__Brief descriptive captions__:
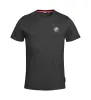 Camiseta con logo Make Life a Ride Hombre Negro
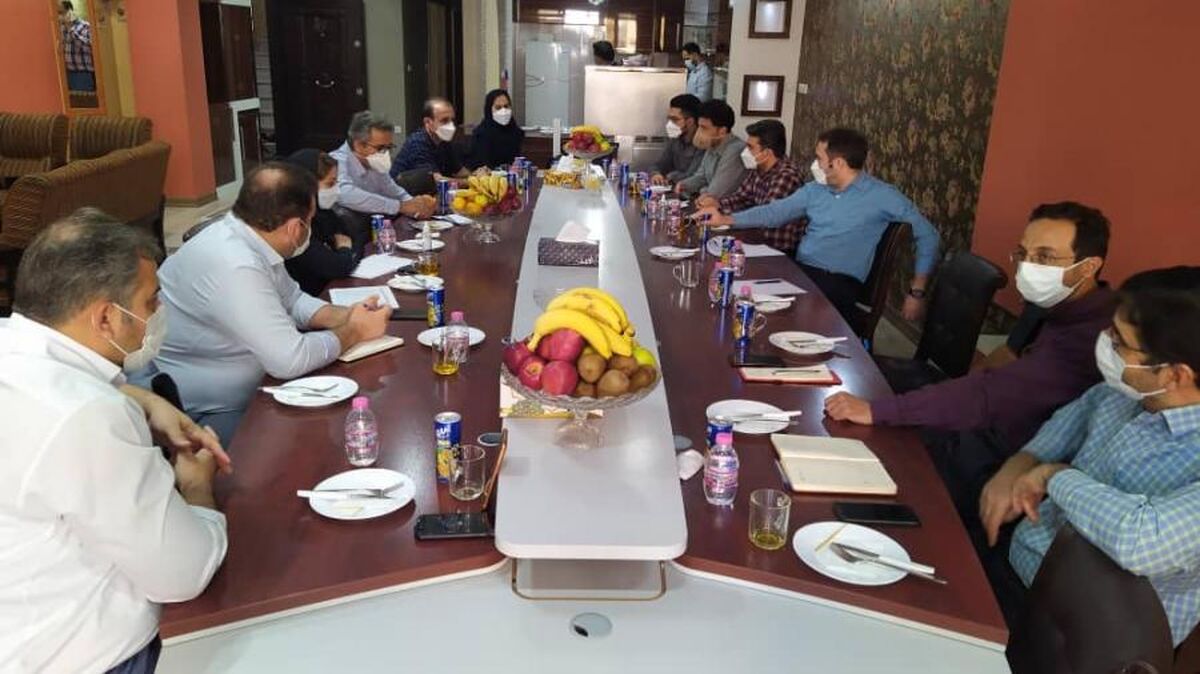 جلسه مشترک مدیران فولاد مبارکه و فولاد اکسین برگزار شد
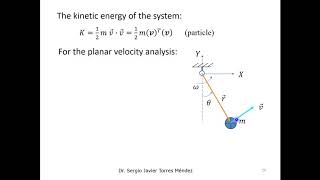 Inverse Dynamics planar particle example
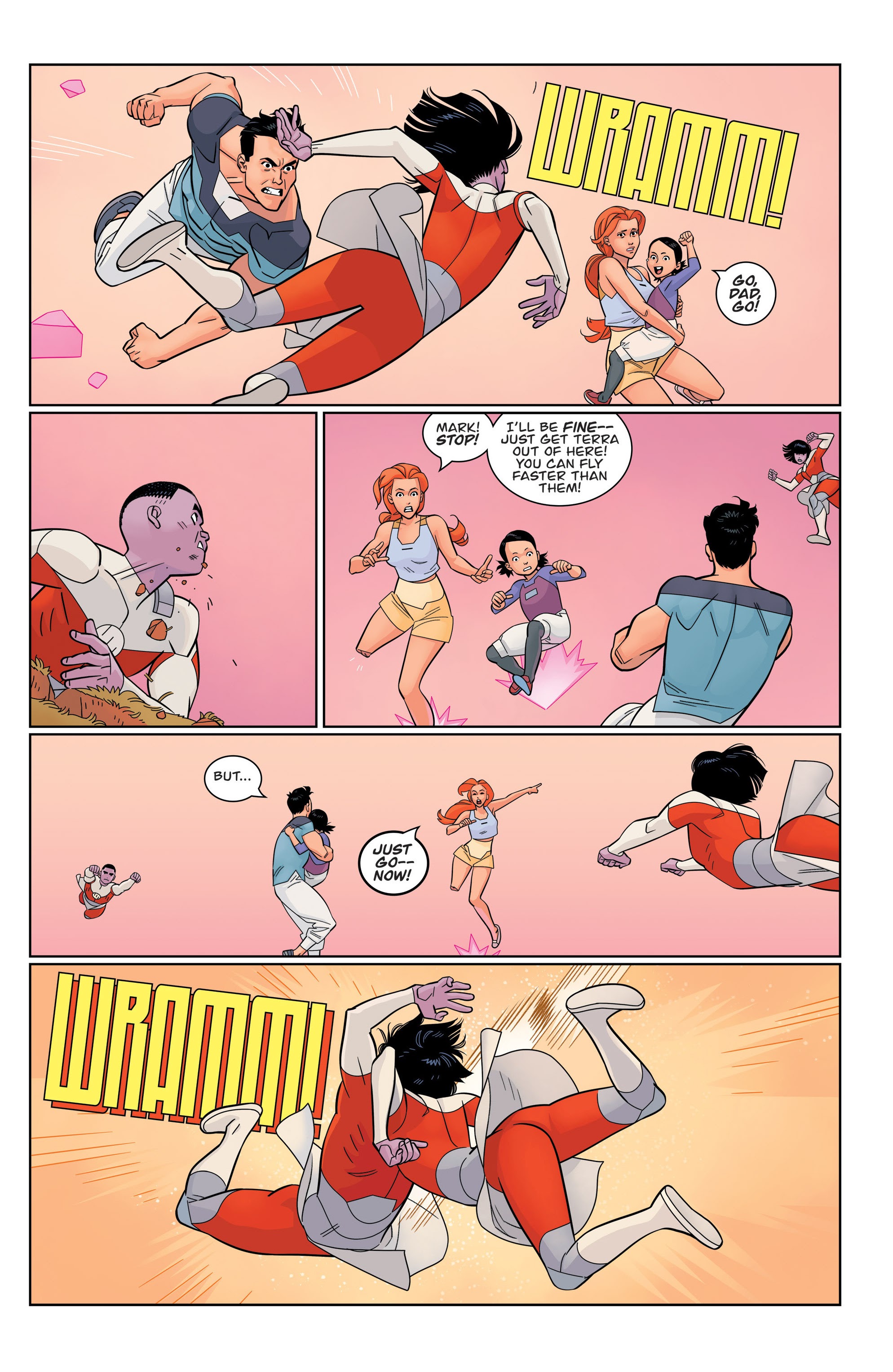 Read online Invincible comic -  Issue # (2003) _TPB 23 - Full House - 100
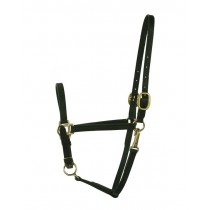 5/8" Wide Standard Beta  Stable Halter with Snap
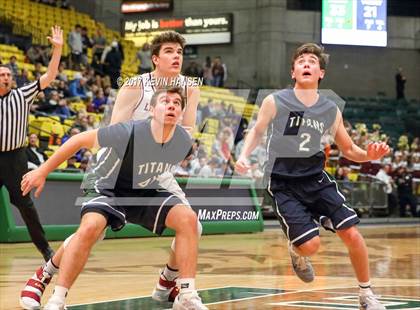 Thumbnail 3 in Lone Peak vs. Syracuse (UHSAA 5A 1st Round Playoff) photogallery.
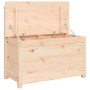 Banco de madera maciza de pino 80x41x77 cm de vidaXL, Bancos - Ref: Foro24-823549, Precio: 82,95 €, Descuento: %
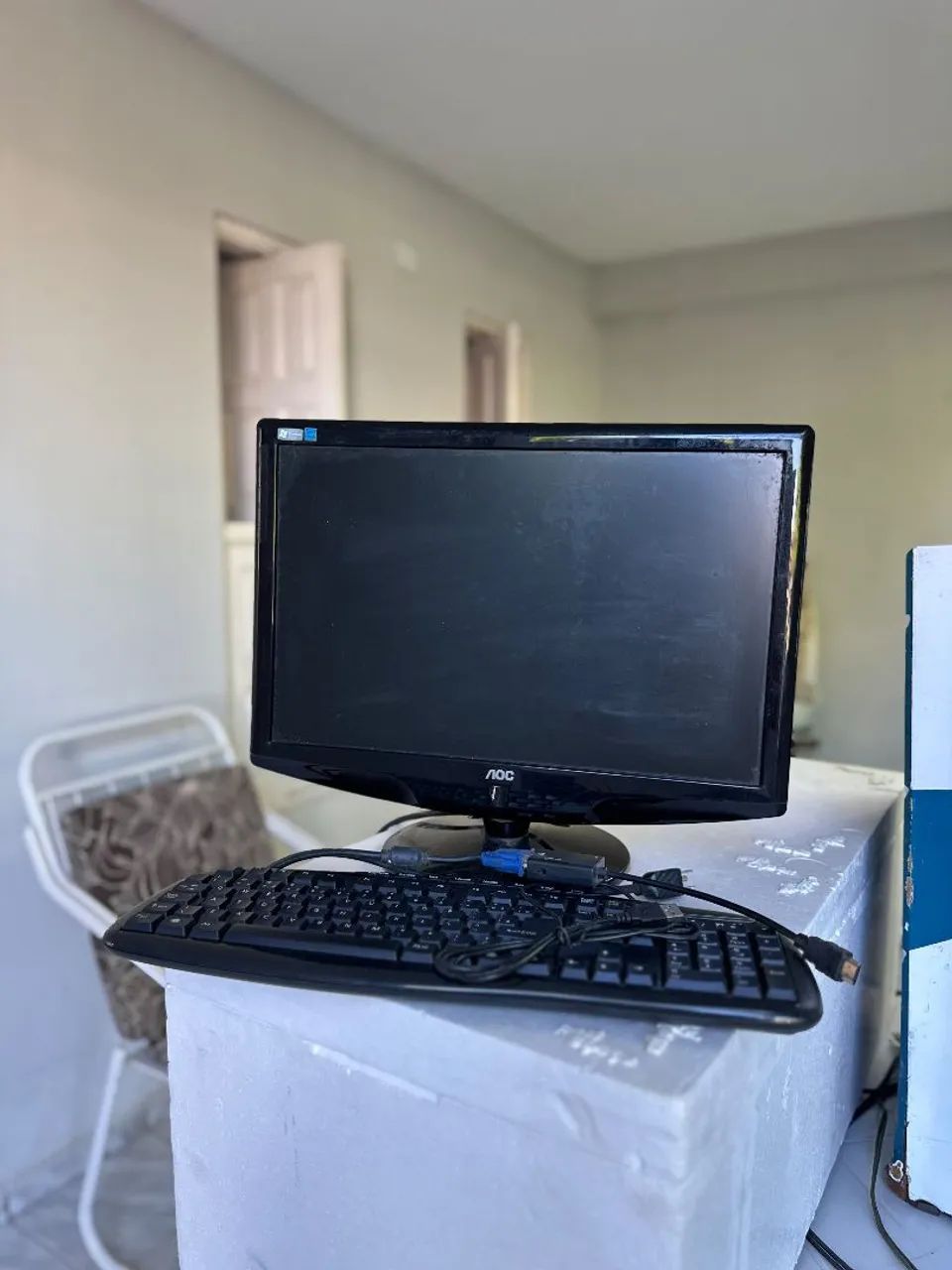 Vendo Monitor AOC 16' - Foto 5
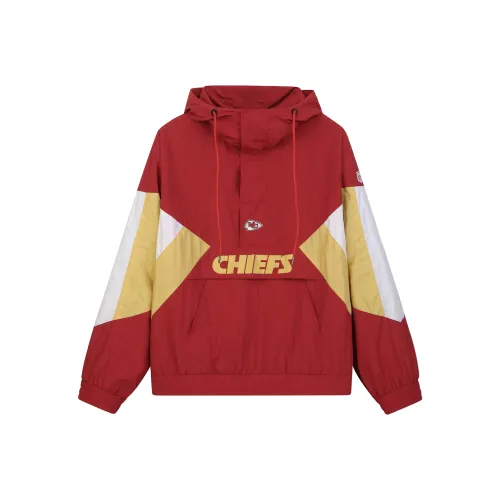 NFL Jackets Unisex Red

__Exercise description__: Quote the preceding records in their entirety, excluding every picture.

__Finished task__:
 Camiseta con logo Make Life a Ride Hombre Negro
 جلسه مشترک مدیران فولاد مبارکه و فولاد اکسین برگزار شد
 Inverse Dynamics planar particle example
 Read online Invincible comic -  Issue # (2003) _TPB 23 - Full House - 100
 5/8" Wide Standard Beta  Stable Halter with Snap
 Thumbnail 3 in Lone Peak vs. Syracuse (UHSAA 5A 1st Round Playoff) photogallery.
 Banco de madera maciza de pino 80x41x77 cm de vidaXL, Bancos - Ref: Foro24-823549, Precio: 82,95 €, Descuento: %
 Vendo Monitor AOC 16' - Foto 5
 NFL Jackets Unisex Red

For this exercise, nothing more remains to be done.